** Data segment follows **

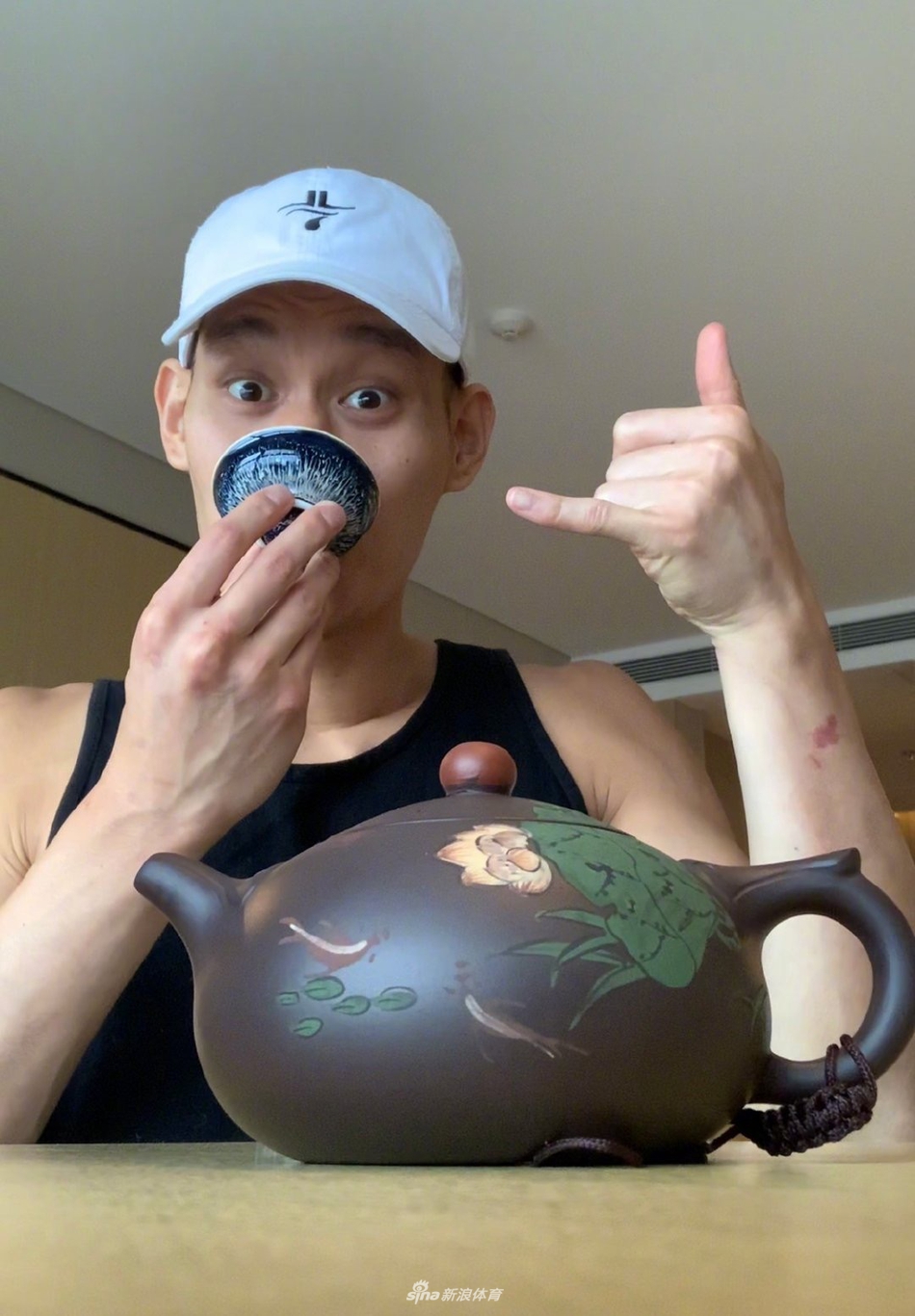 夕阳余晖中，林书豪独自坐在阳台茶桌前，提壶斟茶，背影显得平静而深邃，仿佛在与过去的自己对话，品味着篮球人生的苦尽甘来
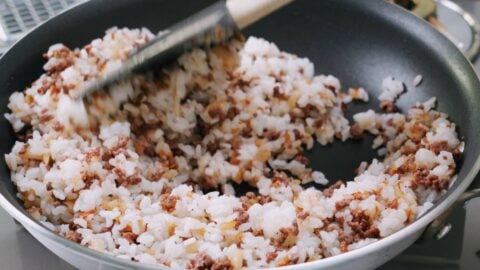 Rice, caramelized onions and ground beef in a pan for making curry fried rice.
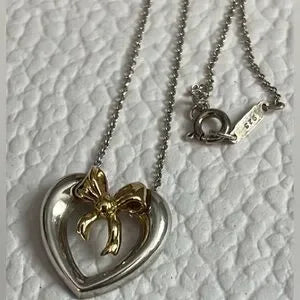 Tiffany 925 sterling silver with 18k gold bow necklace.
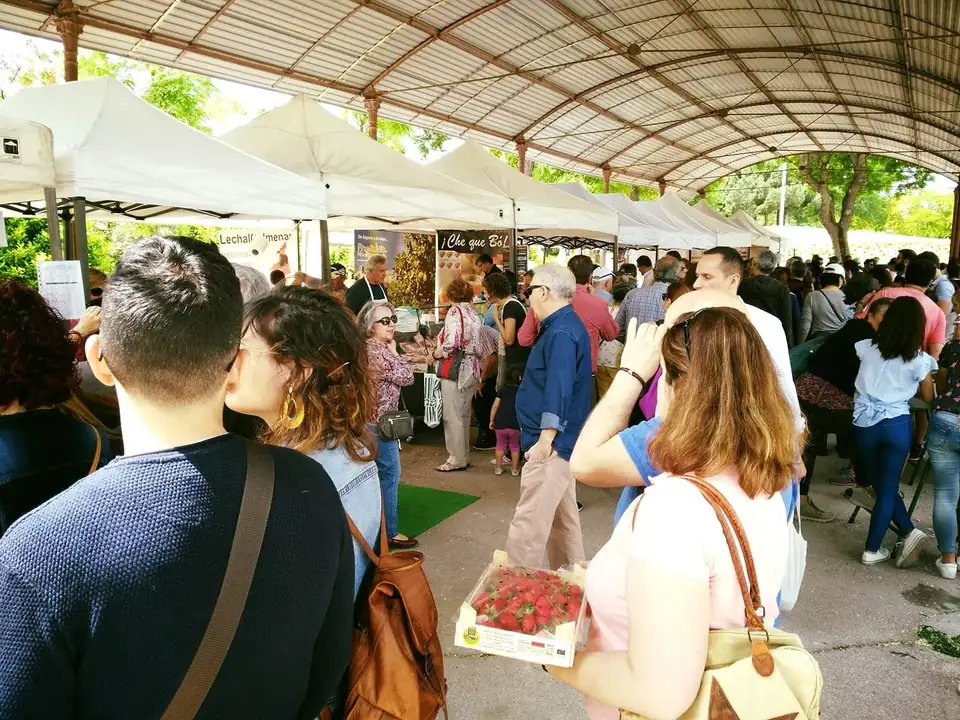 Shoppers browsing white-tented producer stalls under a covered market walkway, one holding a box of strawberries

** End of Data segment **

*Task to complete:* Quote, exactly and only, the lines from the first line of the data above through the line containing "Tiffany 925 sterling". The pictures do not belong in it.

*Answer:*
 夕阳余晖中，林书豪独自坐在阳台茶桌前，提壶斟茶，背影显得平静而深邃，仿佛在与过去的自己对话，品味着篮球人生的苦尽甘来
 Rice, caramelized onions and ground beef in a pan for making curry fried rice.
 Tiffany 925 sterling silver with 18k gold bow necklace.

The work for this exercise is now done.